• _DATA SUPPLIED_:
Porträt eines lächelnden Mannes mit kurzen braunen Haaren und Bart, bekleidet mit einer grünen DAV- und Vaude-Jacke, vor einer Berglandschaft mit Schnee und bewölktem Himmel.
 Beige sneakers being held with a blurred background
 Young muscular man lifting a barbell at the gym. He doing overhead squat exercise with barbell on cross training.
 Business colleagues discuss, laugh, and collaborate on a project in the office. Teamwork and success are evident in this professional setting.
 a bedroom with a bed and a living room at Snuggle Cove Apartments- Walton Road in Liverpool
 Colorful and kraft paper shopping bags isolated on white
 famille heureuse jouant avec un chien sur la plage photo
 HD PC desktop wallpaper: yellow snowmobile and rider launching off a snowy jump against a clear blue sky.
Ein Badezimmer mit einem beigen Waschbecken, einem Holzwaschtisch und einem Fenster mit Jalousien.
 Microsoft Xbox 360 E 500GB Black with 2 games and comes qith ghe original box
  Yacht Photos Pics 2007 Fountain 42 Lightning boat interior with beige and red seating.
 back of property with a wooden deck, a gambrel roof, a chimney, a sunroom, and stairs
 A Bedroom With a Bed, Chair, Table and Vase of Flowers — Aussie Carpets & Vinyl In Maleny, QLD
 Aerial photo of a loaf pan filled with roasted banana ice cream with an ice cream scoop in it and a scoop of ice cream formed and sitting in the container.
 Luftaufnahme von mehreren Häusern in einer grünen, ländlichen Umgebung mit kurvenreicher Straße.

• _DESCRIPTION OF THE TASK_:
Line count for the word "grünen": give the number of lines in the entries above that contain it, and nothing more.

• _YOUR RESPONSE_:
2